Our scale has a capacity of about 120 g so we need to make sure that the combined weight of our apparatus that will go on the scale is less. The plan is to have the styrofoam cup, with a thermometer and some water on the scale. Since we can be somewhat flexible with how much water is in the cup we’ll first weigh the cup and thermometer.

(my measurement, not necessarily yours)
Mass of styrofoam cup and thermometer = 29.6 g

So it should be safe to use 70 g of water, which is approximately equal to 70 ml since the density of water is 1 g/ml.

1. Measure the 70 ml of water in the graduated cylinder and put it into the beaker (or microwavable cup). The exact volume is not crucial here since we’ll be using the scale to measure the mass of water more precisely.

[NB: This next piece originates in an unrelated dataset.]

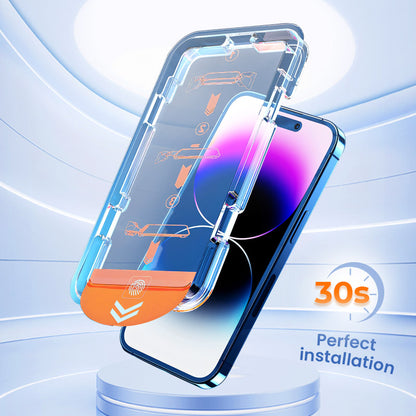 🔥TikTok is back - 50% OFF🔥4K HD/Anti-Peeping Tempered Glass Screen Protector with Auto Dust-elimination Installation for iPhone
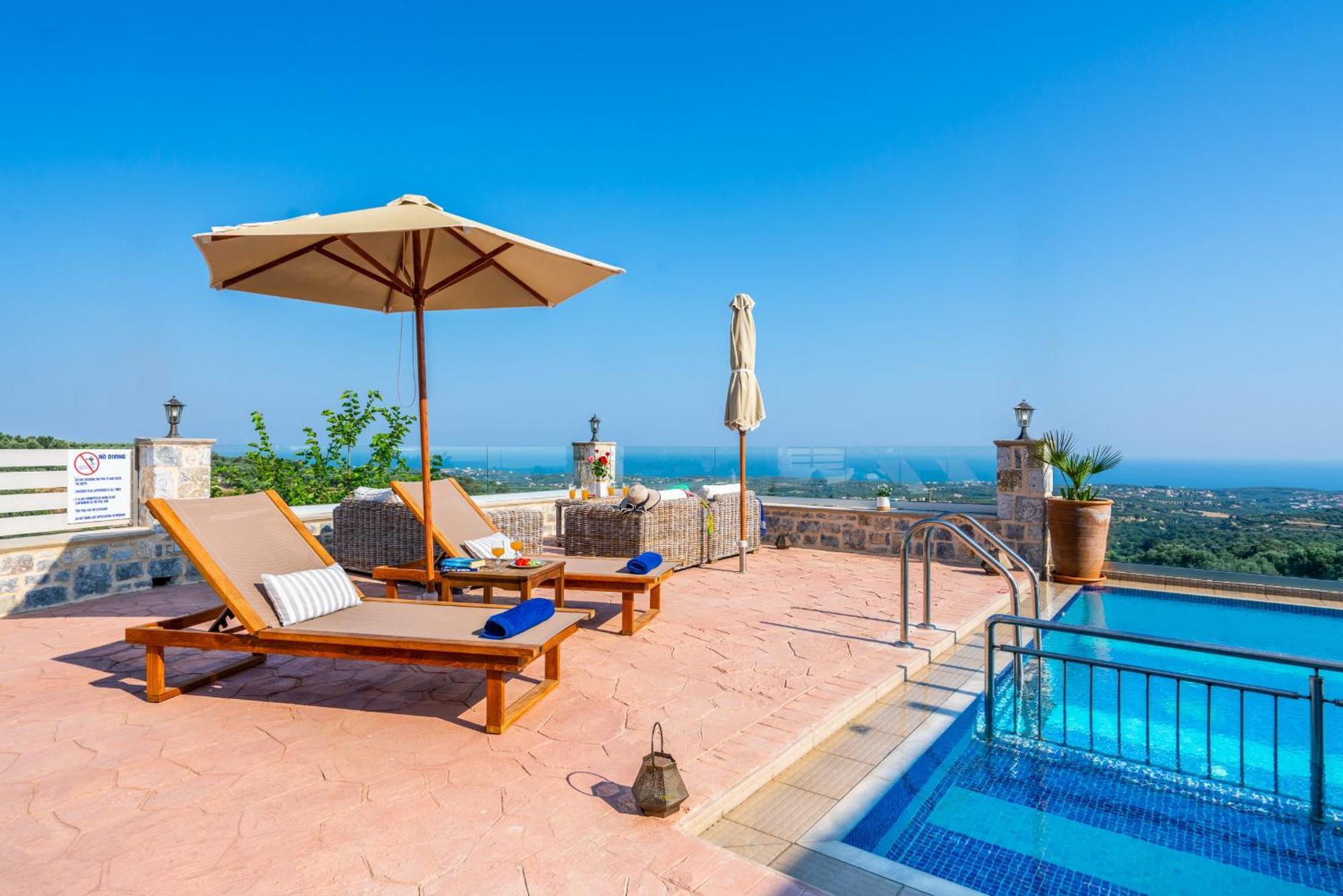 New Villa Kantifes 4 Families Or Couples With Private Pool & Bbq Kirianna ภายนอก รูปภาพ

2. Microwave the water for about 40 seconds. Again you do not have to be too precise here, you just want the water to be close to boiling. The length of time you need to microwave the water will depend on the strength of your microwave. 40 seconds raised the temperature of my 70 ml of water from 22˚C to 82˚C. If you like you can calculate the heat absorbed by the water, and the effective power of the microwave from these numbers, but it is not necessary for this experiment.

3. Quickly place the hot water into the styrofoam cup with the thermometer on the scale and measure the mass and the temperature of the water.

4. Measure the mass and temperature of the water every 2 minutes for the next 10 minutes.

Calculations

1. Every time you took a measurement, the temperature and the mass should have dropped. The change in mass is due to evaporation. Every time one gram evaporated, 540 calories are lost. Calculate the amount of heat lost due to evaporation at every time measurement.

Hint: Evaporative Heat Loss = mass evaporated × latent heat of evaporation
QE = mE LE

2. Now that you know how much heat was lost, you can figure out how much of the temperature drop was caused by evaporation. Since the specific heat capacity of water is 1 cal/g/˚C, each calorie lost due to evaporation should have reduced the temperature of one gram of the water by one degree Celsius.

Hint: Evaporative Temperature Change = Evaporative Heat Loss × mass of water in container × specific heat capacity of water
∆TE = QE / (m Cw)

You should also the temperature drop caused by evaporation as a percentage of the total temperature drop. Hopefully, your result is less than 100%.

For comparison, here is my data: Evaporative Heat Loss Results and Calcualtions

Discussion and Conclusion

There are quite a number of things that might come up in discussion here, for example: just how large are the potential for measurement errors; and are the results comparable to an actual teacup.

My trial of this experiment indicated that about 69% of the heat loss was due to evaporation. It should be possible to also calculate the amount of heat loss from conduction through the walls of the cup; the thermal conductivity of styrofoam is 0.033 W/mK (via the Engineering Toolbox). The radiative heat loss can be estimated using Stefan’s Law, which can be used to account for all the different methods of heat loss.

Finally, there is no control described in this experiment. A useful thing to try would be to use a styrofoam cup with a lid.

Additional Notes

When my students tried this experiment they use a small (50ml) beaker and 25g of water. Their evaporative heat loss was only 44% of the total, probably due to the smaller volume of water, which as a larger surface-area to volume ratio, and the thinner, more conductive glass walls of the beaker.